I can't bear it. I'm going batty
listing to Leo Laport's TWIT show (This Week in Tech) #368. Leo, Adam
Curry, Fr. Robert Ballecer and Nilay Patel discuss the Samsung vs.Apple lawsuit, which Samsung lost (so far). I think it was Patel who
summed up more or less as follows: Samsung tried to copy Apple's
product. Apple made a great product. Samsung's job is not to copy
Apple. Samsung's job is to make a different great product.
So let's talk about pianos. Steinway
makes a great product. The job of other piano companies must be to
make pianos that are distinctly different, not to copy Steinway. 59
keys perhaps instead of 88; white keys only, perhaps. Oval keys, not
rectangular. Keys that lift up instead of pressing down. Six pedals
instead of three, with entirely different functions.
NO!
The piano is a great product, and great
pianists are wonderful because they use competing products that share
very similar user interfaces. The various piano companies have to
innovate under the hood unless they license each other's patents, but
the user experience is much the same. And that's great for pianists.

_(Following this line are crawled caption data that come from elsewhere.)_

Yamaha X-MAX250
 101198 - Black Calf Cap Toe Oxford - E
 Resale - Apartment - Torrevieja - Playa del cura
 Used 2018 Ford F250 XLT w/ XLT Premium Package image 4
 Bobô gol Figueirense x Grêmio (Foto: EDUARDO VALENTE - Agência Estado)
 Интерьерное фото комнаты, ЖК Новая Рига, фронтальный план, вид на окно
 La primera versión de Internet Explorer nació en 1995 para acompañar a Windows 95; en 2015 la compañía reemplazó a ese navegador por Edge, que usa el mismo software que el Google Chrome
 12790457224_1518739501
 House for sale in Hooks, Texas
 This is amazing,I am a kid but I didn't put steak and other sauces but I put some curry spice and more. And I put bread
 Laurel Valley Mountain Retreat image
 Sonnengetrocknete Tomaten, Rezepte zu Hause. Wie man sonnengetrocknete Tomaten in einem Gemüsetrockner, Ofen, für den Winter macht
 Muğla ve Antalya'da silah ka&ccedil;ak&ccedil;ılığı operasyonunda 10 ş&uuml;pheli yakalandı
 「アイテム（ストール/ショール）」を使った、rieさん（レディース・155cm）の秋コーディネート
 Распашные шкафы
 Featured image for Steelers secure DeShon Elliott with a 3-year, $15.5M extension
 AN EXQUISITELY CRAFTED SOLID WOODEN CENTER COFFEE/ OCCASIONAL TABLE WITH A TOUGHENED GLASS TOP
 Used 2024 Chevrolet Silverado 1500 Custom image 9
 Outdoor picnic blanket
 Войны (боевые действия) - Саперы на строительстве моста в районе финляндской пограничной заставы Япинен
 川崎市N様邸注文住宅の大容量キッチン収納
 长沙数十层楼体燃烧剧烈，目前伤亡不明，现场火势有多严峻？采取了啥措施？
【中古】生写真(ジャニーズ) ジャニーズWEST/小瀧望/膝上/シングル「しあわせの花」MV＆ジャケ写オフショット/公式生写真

And let's discuss Microsoft Windows.
Please imagine that when Microsoft released Windows 95, they licensed
the right to their user interface to one manufacturer, Dell perhaps,
and all the other companies had to develop some other great, very
different-looking product in order to compete. What an awful
nightmare! Microsoft did the opposite, standardizing their user
interface and encouraging all hardware and software Windows companies
to stay with their standards. The resulting consistency was wonderful
for us all,
It's terrible that Apple's brilliant
iPhone and iPad GUIs are not standards that other companies can be
encouraged to follow, for the benefit of all of us. (I know that any
company can pay a small fortune to license these GUI rights from
Apple; that's not the same thing.)
Leo and his TWIT friends have it wrong.
It's time for Apple to follow Bill Gate's insight that consistent
GUIs are great for customers. And it's time to admit that the Samsung
vs. Apple lawsuit is just an example of how hard cases make bad law.